But those murmurs never graduated to full-fledged boos, perhaps in part because an under-the-radar winter signing has started to look like a steal.
Needing length and wanting excellence, the Mets received both from Griffin Canning in a homestand-opening 4-1 win over the Cardinals in front of 38,246 at Citi Field.
The Mets bullpen has been depleted all season and was breathing particularly hard after completing what amounted to a bullpen game a night prior.
No Mets starter had reached 100 pitches in an outing this year.
The group entered play having recorded the sixth-fewest innings among starting staffs in baseball.
Which made Canning’s six-inning, one-run, 102-pitch beauty all the sweeter as he halted the Mets’ two-game skid.
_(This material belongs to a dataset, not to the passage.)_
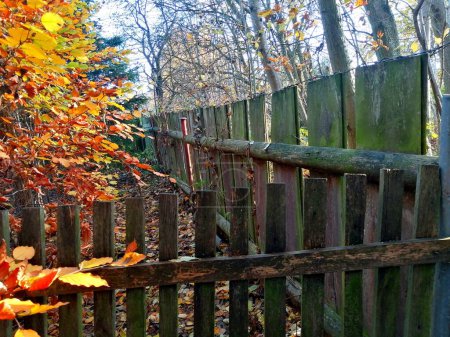 Foto de Vallas naturales, de madera, vallas vivas de otoño. - Imagen libre de derechos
The righty, brought in on a one-year, $4.25 million pact this winter after five middling seasons with the Angels, has looked reborn in Queens.
Through four starts, a pitcher who projected as depth before Sean Manaea and Frankie Montas went down owns a 3.43 ERA.
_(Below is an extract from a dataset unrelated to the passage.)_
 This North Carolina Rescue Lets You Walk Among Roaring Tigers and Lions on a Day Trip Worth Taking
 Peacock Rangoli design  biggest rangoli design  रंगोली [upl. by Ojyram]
Thursday, he limited the Cardinals — who entered play having scored the fifth-most runs in MLB — to three hits and two walks while striking out eight.
He allowed a run in the third inning, when a Victor Scott II single, steal and Brendan Donovan single narrowed the Mets’ lead to 4-1, but that would be all the damage on a night he got better as he went deeper.
He retired the final nine batters he faced, including striking out four straight in the fourth and fifth.
His four-seamer, slider and changeup combined for 16 whiffs as he has seemed to have found a pitch mix with which he can thrive.
Manager Carlos Mendoza pushed him, allowing him to pitch the sixth, and Canning responded.
His final batter, Alec Burleson, hit a chopper that forced Canning to leap, batting down the ball before the 2020 Gold Glove winner flipped to first base and jogged off the field to loud cheers.
There were plenty of cheers on a night Mark Vientos drilled his first home run of the season to give the Mets a lead in what became a four-run second inning.
In the frame, Brett Baty dropped an RBI single into left to drive in Starling Marte.
Francisco Lindor’s bat drove in one and his feet another.
His two-run single counted for one RBI.
Baty scored from second base, and Lindor got caught between first and second base, but lasted long enough in a pickle to score Tyrone Taylor, too.
Reed Garrett, A.J. Minter and Edwin Diaz (fourth save) finished off a three-hitter that could have been defined by a mixed reaction to every at-bat from Soto, whose relatively slow start and recent lineup-protection comments have added some scrutiny.
Instead, Canning grabbed the spotlight.